Well, the fix is in.
- Robots are prohibited from viewing the bulk pages: names, host taxa, bibliography.
- Robots get a truncated checklist
- Robots get a publication page without lists of references or sub-publications
All of these pages are aggregations of information that is already in the main profile pages, and that’s what we want robots to be indexing.
Robots are detected via their User-Agent headers. I snarfed a list of known robots from useragentstring.com.
My logs show the same number of hits from spiders, but the URIs taking the most amount of time to respond are now mostly firefox clients.
Mozilla/5.0 (Windows; U; Windows NT 6.1; fr; rv:1.9.2) Gecko/20100115 Firefox/3.6
Will this fix things? By God, it better. Still a few worrying bits.

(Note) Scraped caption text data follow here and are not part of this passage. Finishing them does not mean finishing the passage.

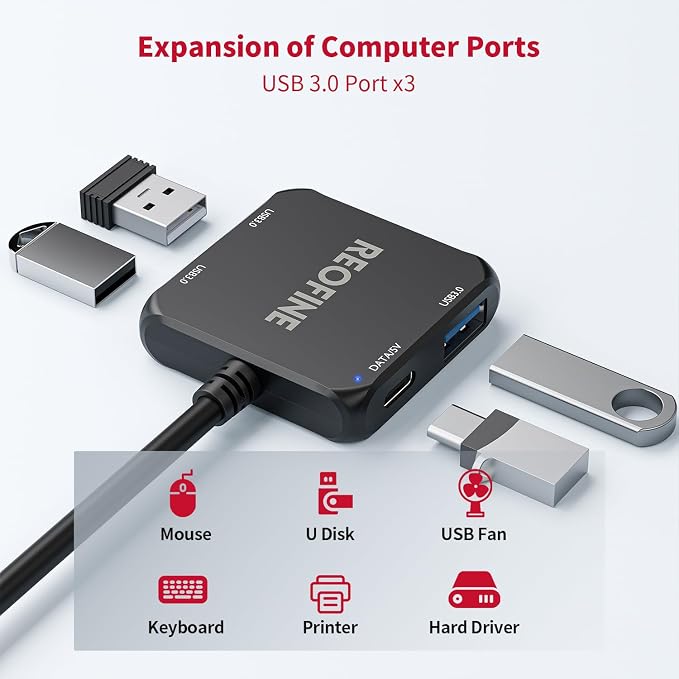 USB C Hub 4 Ports Multiple USB 3.0 Hub Splitter Portable USB Adapter Mini Multiport Expander for Desktop, Laptop, Gaming Console, Flash Drive, HDD, Printer, PC, Keyboards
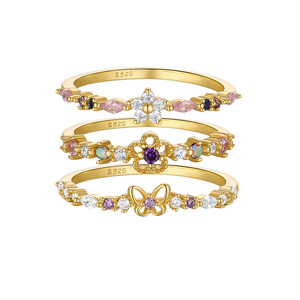 CANNER - Collar de Plata de Ley S925 con Baño de Oro, Diseño de Crisantemo, Mariposa y Pentagrama, con Circonitas de Colores, Estilo INS, Moderno, para Fiestas y Bodas - Product Image 2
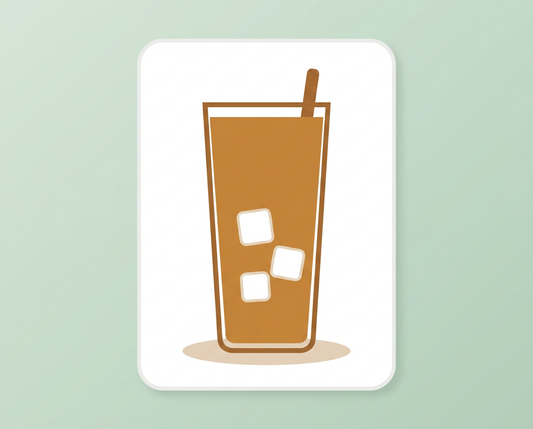 Illustration of Ca Phe Nau Da, Vietnamese iced brown coffee, in a glass with ice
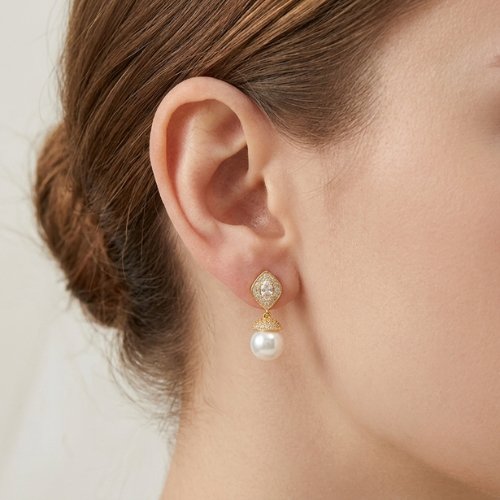 ARETES CRISTAL CON BAÑO DE ORO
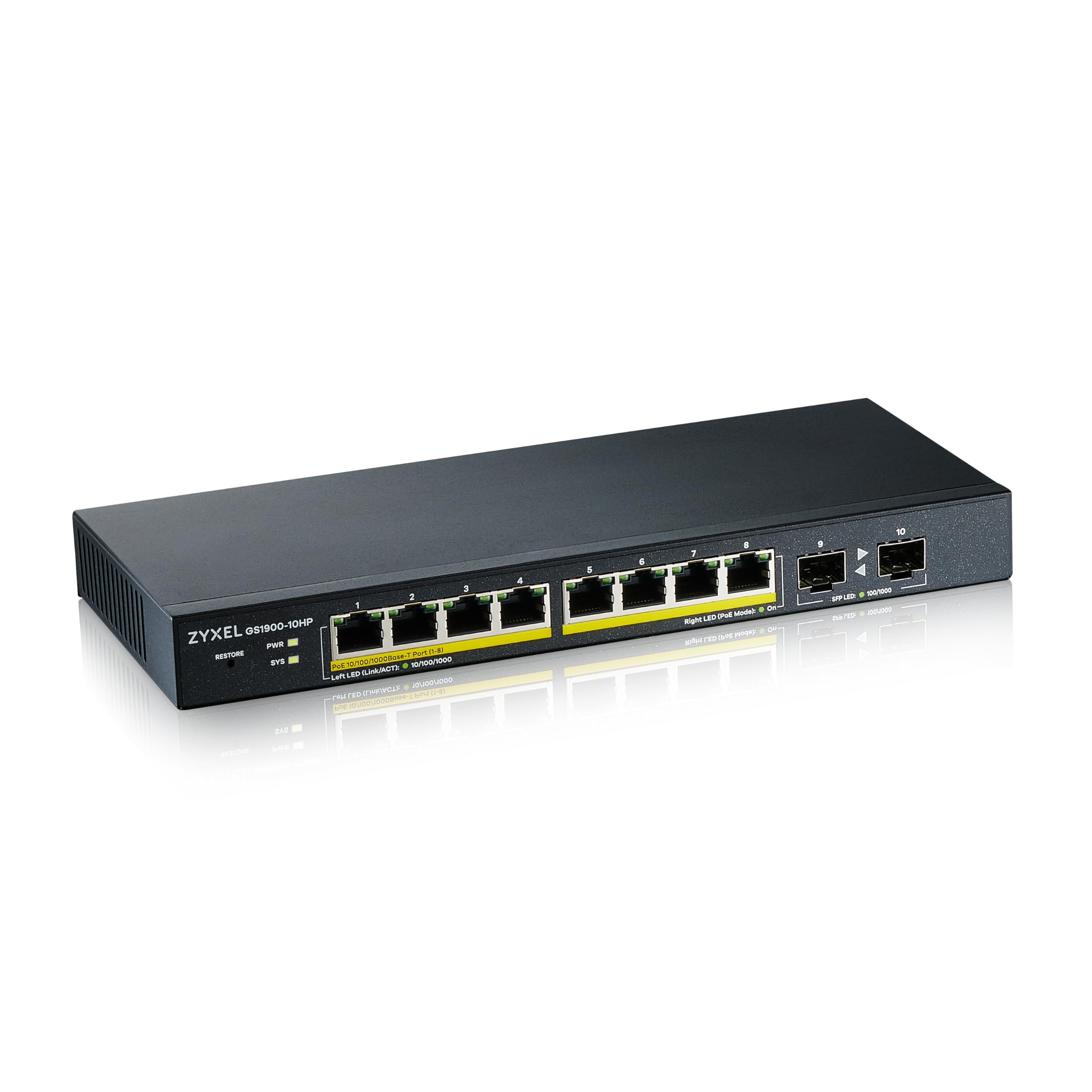 Zyxel 8 Port PoE Switch | Smart Managed | Gigabit Network Ethernet Switch | 8x GbE PoE+ with 77W Budget + 2x SFP GbE Slots | Desktop or Wall Mount | Fanless | Power Adapter Included | GS1900-10HP — image 1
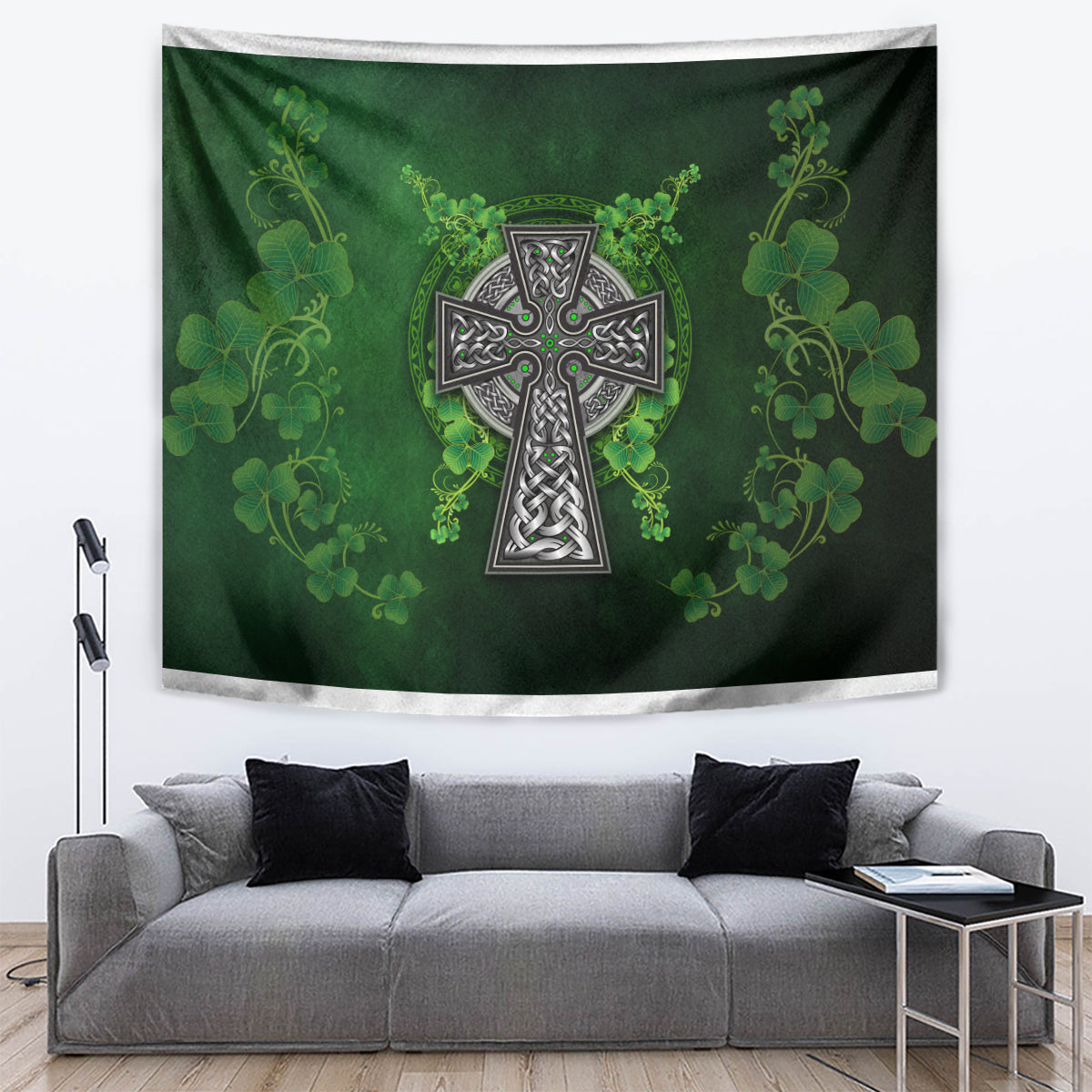 Irish Cross Mix With Shamrock Floral Tapestry - Vibe Hoodie Shop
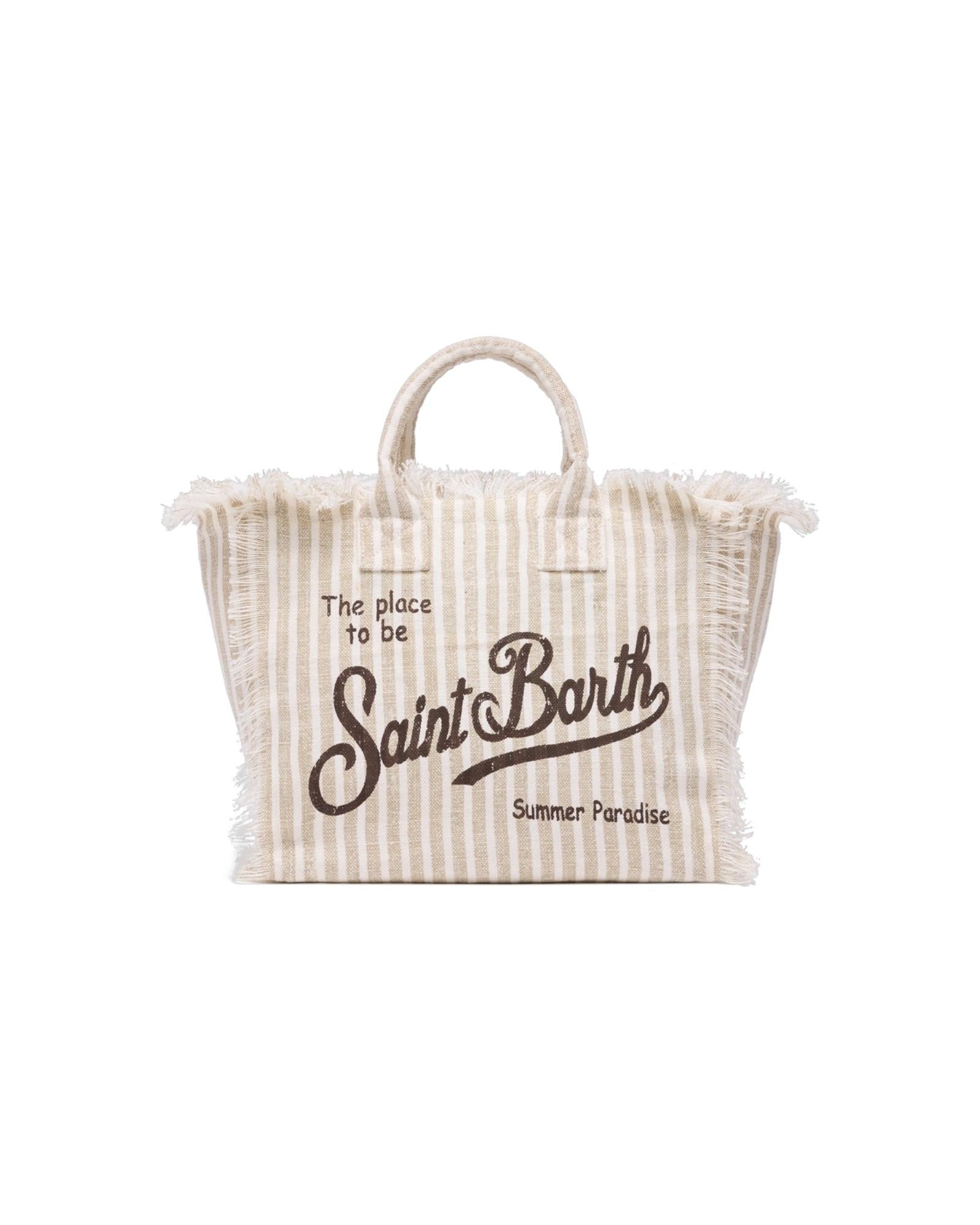 Borsa Colette in canvas di lino con stampa a righe COL0018 01922H MC2 SAINT BARTH 
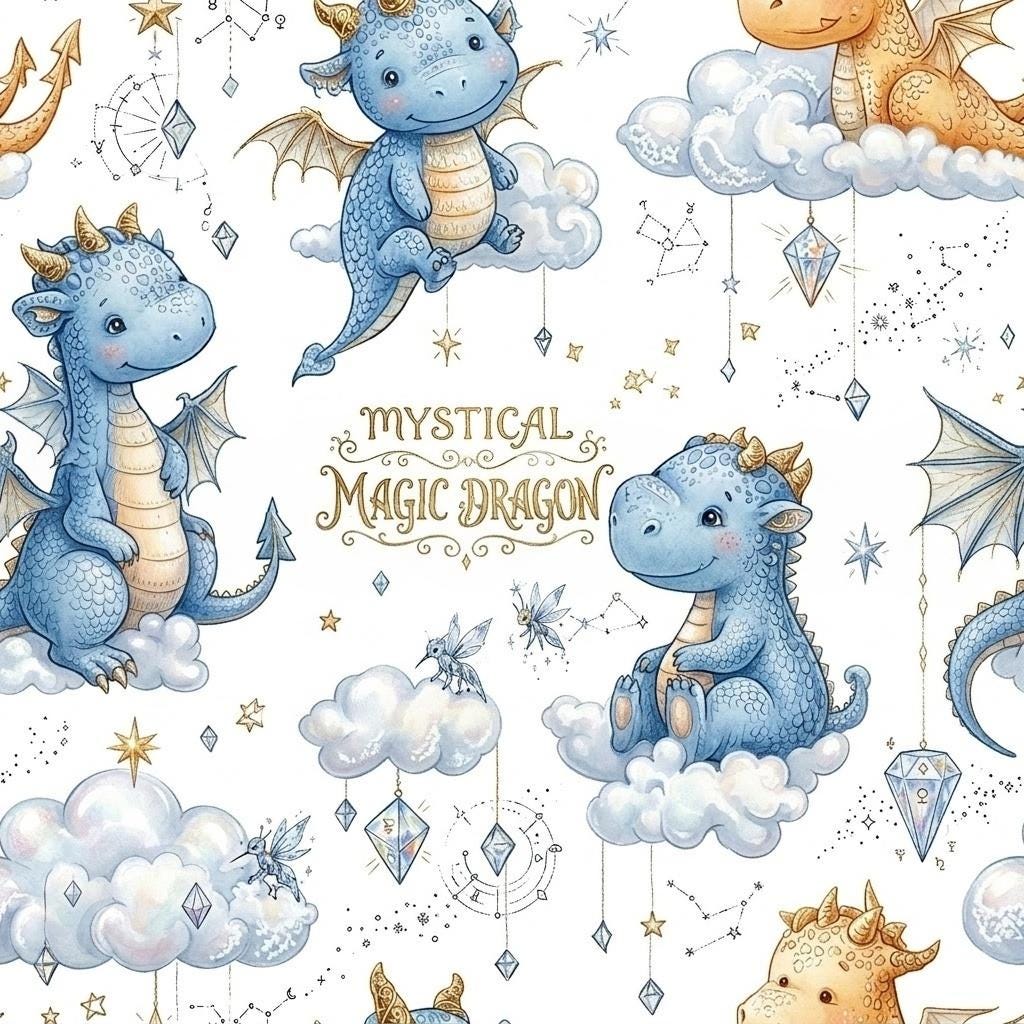 Watercolor dragon nursery fabric draped view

A nine-second request for
With a UA of
Mozilla/5.0 (Macintosh; Intel Mac OS X 10_10_1) AppleWebKit/600.2.5 (KHTML, like Gecko) Version/8.0.2 Safari/600.2.5 (Applebot/0.1; +http://www.apple.com/go/applebot)
Which my filter is supposed to be catching.
Time will tell. If I revisit this, I will look at implementing catching of If-Modified-Since, which is an outstanding feature request anyway.